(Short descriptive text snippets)
# # #

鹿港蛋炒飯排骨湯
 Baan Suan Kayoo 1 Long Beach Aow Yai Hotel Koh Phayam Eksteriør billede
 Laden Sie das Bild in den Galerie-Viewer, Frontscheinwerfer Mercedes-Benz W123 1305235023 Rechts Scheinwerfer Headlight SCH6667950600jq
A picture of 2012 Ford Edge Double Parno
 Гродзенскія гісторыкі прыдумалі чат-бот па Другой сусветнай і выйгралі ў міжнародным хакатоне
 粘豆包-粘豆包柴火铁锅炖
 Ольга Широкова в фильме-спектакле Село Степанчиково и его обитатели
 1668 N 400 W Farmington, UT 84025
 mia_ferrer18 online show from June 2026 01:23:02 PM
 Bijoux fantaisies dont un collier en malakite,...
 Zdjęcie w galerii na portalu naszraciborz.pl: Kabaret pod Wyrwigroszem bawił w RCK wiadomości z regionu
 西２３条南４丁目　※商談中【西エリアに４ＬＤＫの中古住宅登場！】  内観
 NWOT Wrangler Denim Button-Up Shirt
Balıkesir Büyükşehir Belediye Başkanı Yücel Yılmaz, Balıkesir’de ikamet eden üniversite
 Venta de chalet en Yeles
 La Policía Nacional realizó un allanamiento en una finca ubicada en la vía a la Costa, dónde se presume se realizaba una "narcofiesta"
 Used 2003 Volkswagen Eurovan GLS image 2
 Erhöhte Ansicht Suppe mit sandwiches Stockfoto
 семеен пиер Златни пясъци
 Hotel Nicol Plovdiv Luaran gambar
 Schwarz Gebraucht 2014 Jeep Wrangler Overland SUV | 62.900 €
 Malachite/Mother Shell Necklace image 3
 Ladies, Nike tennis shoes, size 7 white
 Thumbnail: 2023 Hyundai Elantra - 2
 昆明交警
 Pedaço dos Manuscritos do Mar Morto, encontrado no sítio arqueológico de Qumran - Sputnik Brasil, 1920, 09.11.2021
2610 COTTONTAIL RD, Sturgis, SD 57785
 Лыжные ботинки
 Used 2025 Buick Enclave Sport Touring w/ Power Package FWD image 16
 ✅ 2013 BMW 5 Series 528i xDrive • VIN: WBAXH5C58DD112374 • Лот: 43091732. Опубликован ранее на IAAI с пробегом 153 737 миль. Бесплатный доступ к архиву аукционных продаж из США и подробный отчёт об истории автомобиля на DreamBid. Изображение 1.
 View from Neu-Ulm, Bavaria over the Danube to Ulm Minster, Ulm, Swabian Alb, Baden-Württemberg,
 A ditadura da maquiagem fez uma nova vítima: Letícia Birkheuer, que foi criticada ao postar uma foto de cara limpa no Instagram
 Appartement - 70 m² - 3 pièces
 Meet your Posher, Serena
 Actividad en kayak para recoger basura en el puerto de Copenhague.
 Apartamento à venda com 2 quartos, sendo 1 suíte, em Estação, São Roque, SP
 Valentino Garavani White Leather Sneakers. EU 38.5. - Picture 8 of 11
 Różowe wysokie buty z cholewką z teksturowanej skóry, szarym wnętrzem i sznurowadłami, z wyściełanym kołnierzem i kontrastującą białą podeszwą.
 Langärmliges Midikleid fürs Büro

# # #

Activity: Quote in full each line from the top of the records above through the line with "A picture of 2012 Ford Edge Double Parno"; stop after that line.

Output of the task:
鹿港蛋炒飯排骨湯
 Baan Suan Kayoo 1 Long Beach Aow Yai Hotel Koh Phayam Eksteriør billede
 Laden Sie das Bild in den Galerie-Viewer, Frontscheinwerfer Mercedes-Benz W123 1305235023 Rechts Scheinwerfer Headlight SCH6667950600jq
A picture of 2012 Ford Edge Double Parno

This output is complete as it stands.